Fantastic Mr. Fox
In 2009, two directors of distinction decided to adapt beloved childrens' books. Spike Jonze tackled Maurice Sendak's Where the Wild Things Are with (to me) quite favorable results. Detractors, on the other hand, felt that Jonze's too-clever-by-half stylistics tainted the book's magic. Wes Anderson, purveyor of what you might call a dry offhandedness, decided to oversee Roald Dahl's Fantastic Mr. Fox, another fondly recalled diversion. Dahl's stories are beset with pitch black humor, often grisly circumstances, and comeuppance. Charlie and the Chocolate Factory is a fine example, and its initial film adaptation, WILLY WONKA AND THE CHOCOLATE FACTORY captured the twistedness quite well. I've yet to see Tim Burton's recent re-do.

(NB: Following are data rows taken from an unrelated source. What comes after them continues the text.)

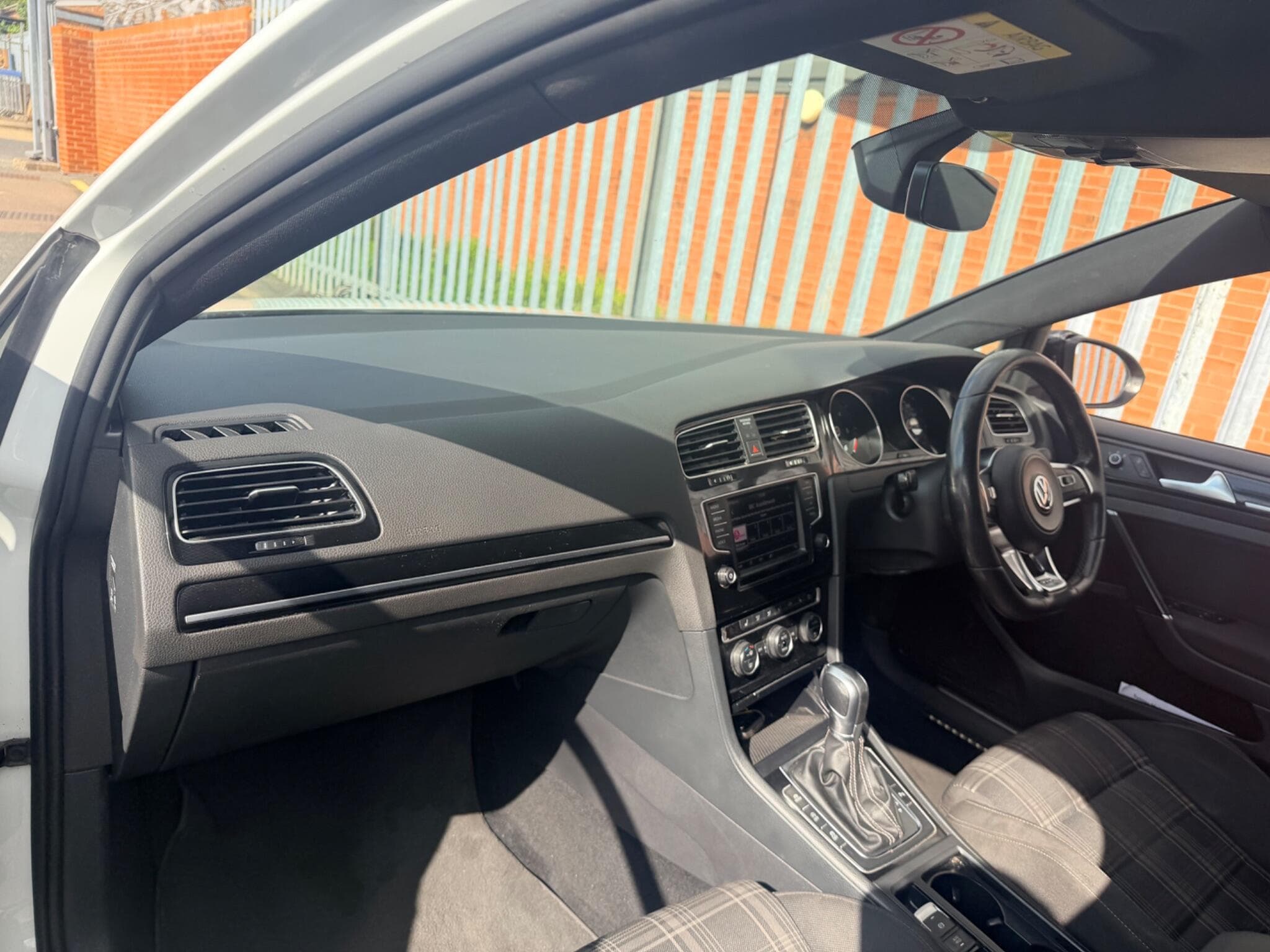 2016 Volkswagen Golf - Thumbnail 12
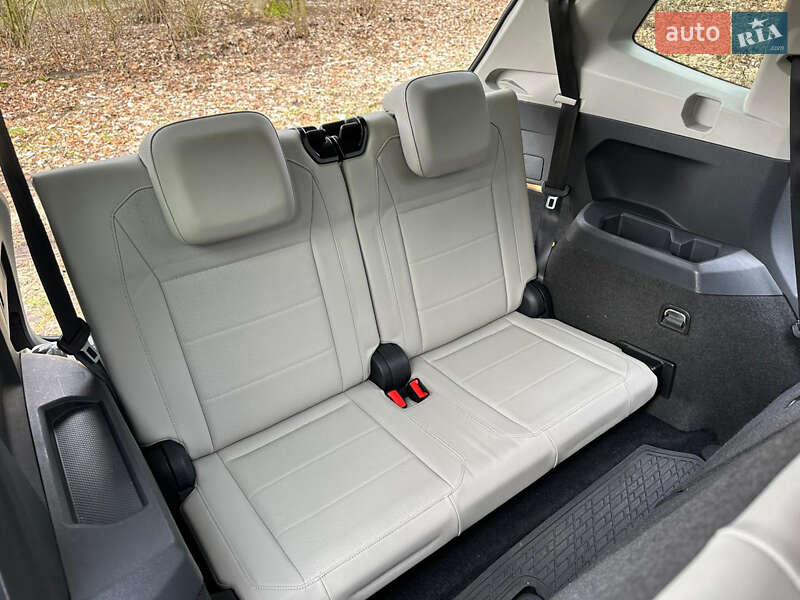 Внедорожник / Кроссовер Volkswagen Tiguan 2017 в Луцке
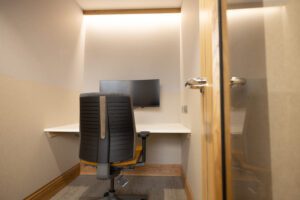 solo work space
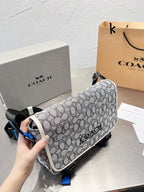 LO - CCH Bags - 438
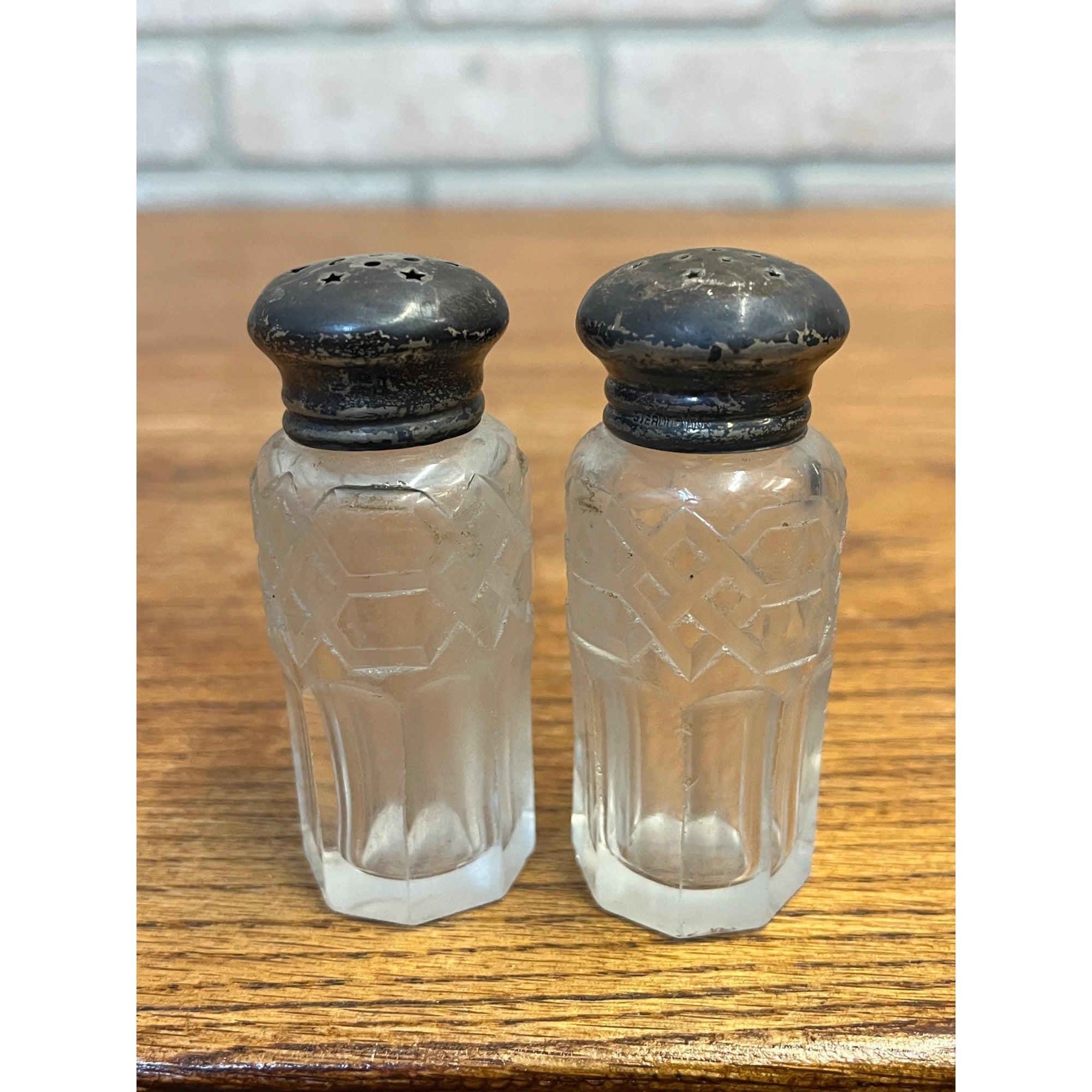 Vintage Sterling Silver Cut out Stars Salt & Pepper Shakers Set 2 Cut Glass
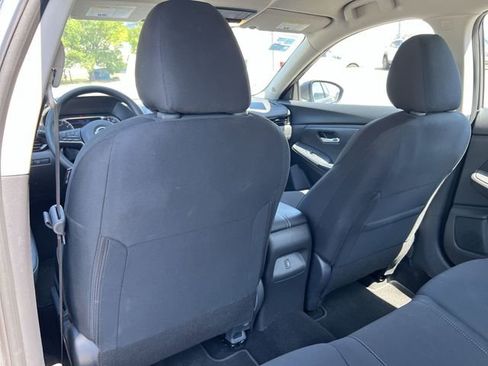 Used 2025 Nissan Sentra SV FWD image 33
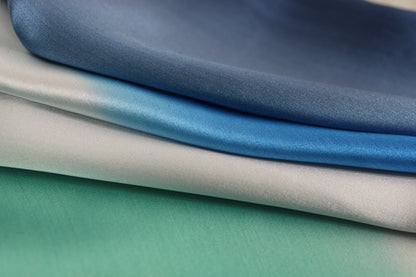Tissu satin de soie - imprimé dégradé - ton bleu - photo 3/5 | So Tissus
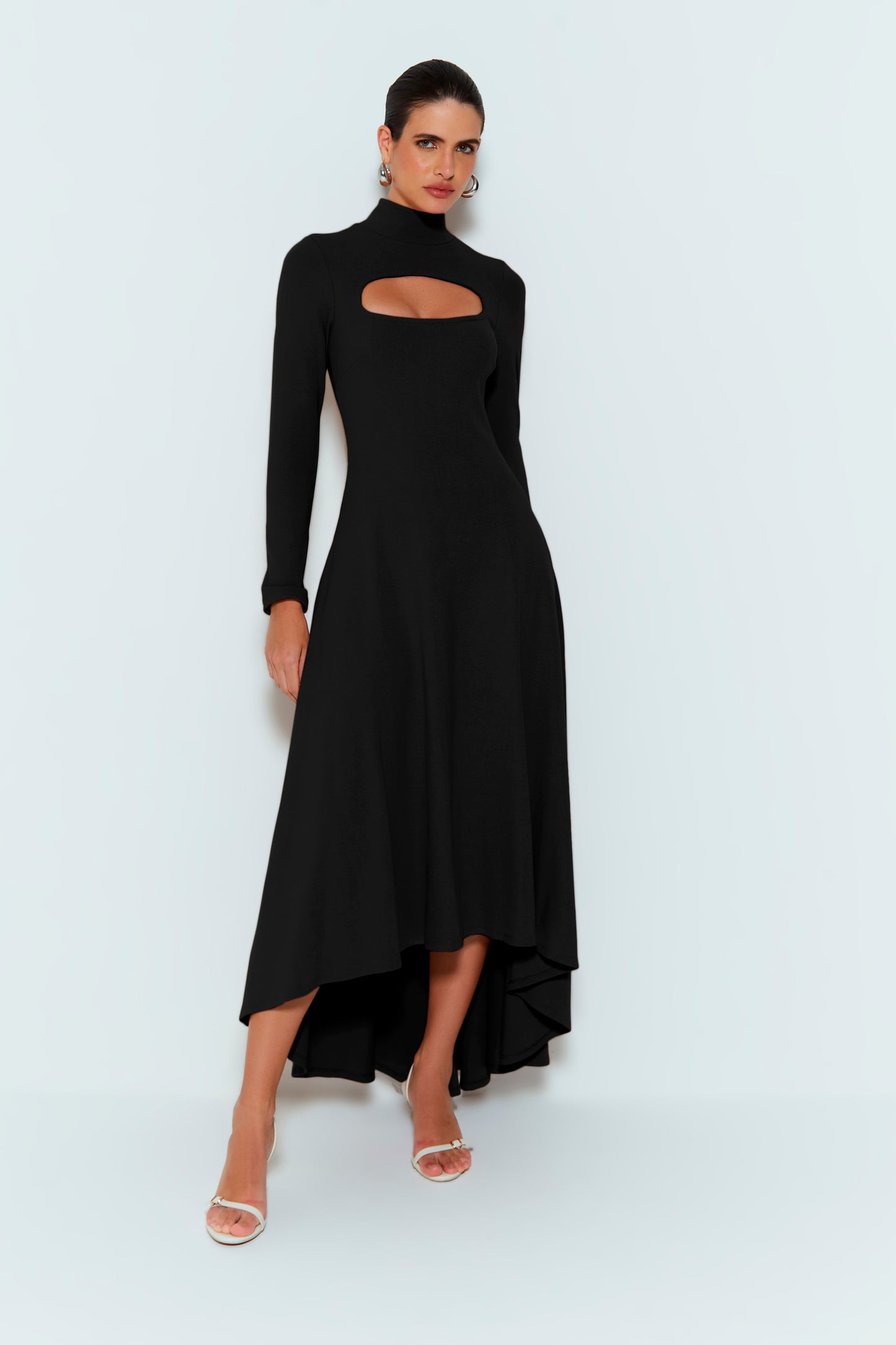 VESTIDO MULLET COM ABERTURA BUSTO E GOLA ALTA PRETO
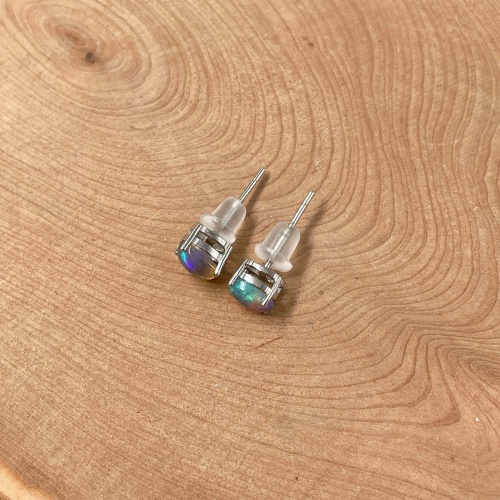 Пусеты из опала благородного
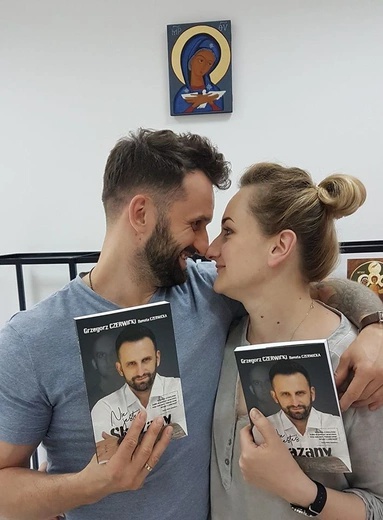 Grzegorz Czerwicki z żoną Renatą - współautorką książki "Nie jesteś skazany"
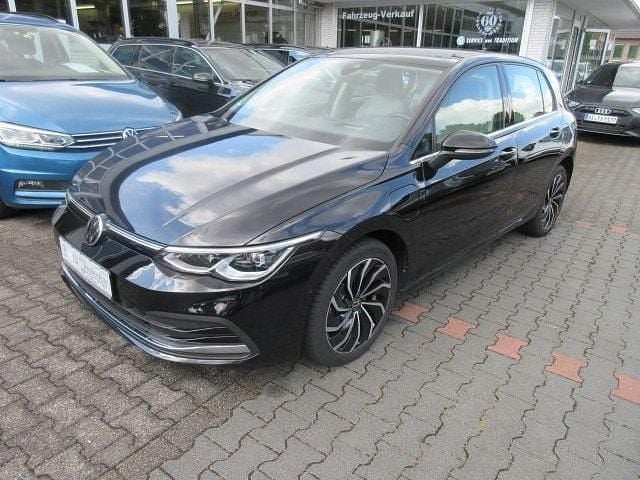 Deep black perleffekt Gebraucht 2022 VW Golf VIII Style Limousine | 25.988 € (Fairer Preis) - Bild 1/4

Anderson's 2009 FANTASTIC MR. FOX, I'm happy to say, is very successful. I have not read the original book extensively. Those who have say that Anderson and co-screenwriter Noah Baumbach have taken many liberties. If that is so, I am blissfully unaware, and free to enjoy the patented eccentricities we've come to expect from Anderson. The off-kilter, random obersvations are just as prevelent in this animated film as in any of the director's previous films. Cute foxes and a rollicking storyline do not sideline Anderson's odd style, not even a pinch.
Mr. Fox (George Clooney) is a rather charismatic animal. He is prone to interrupt everyone else during a toast, dissect the vaguries of the English language, charm the birds out of the trees (or chickens out of coops) when he wants to. He's dapper, sly (but of course), and filled with confidence. When his plans fail, he remains optimistic, even as, in a bleak moment, he plans his own suicide.
He's also very self-aware. For all of his polish and panache, he continually states that essentially, he is a wild animal. He may try to go straight, taking a job as a local newspaper columnist and such, but his nature will overtake his bids for domestic and societal legitimacy. He will return to his wily ways and devise plots to snatch chickens, turkeys, ducks, and even fermented apple cider. He can't help it. It's who he is. Felicity, his wife, (Meryl Streep), is longsuffering but supportive as she and her family again and again find themselves in peril because of her husband's antics. She offers some cold honesty, "I love you, but I shouldn't have married you."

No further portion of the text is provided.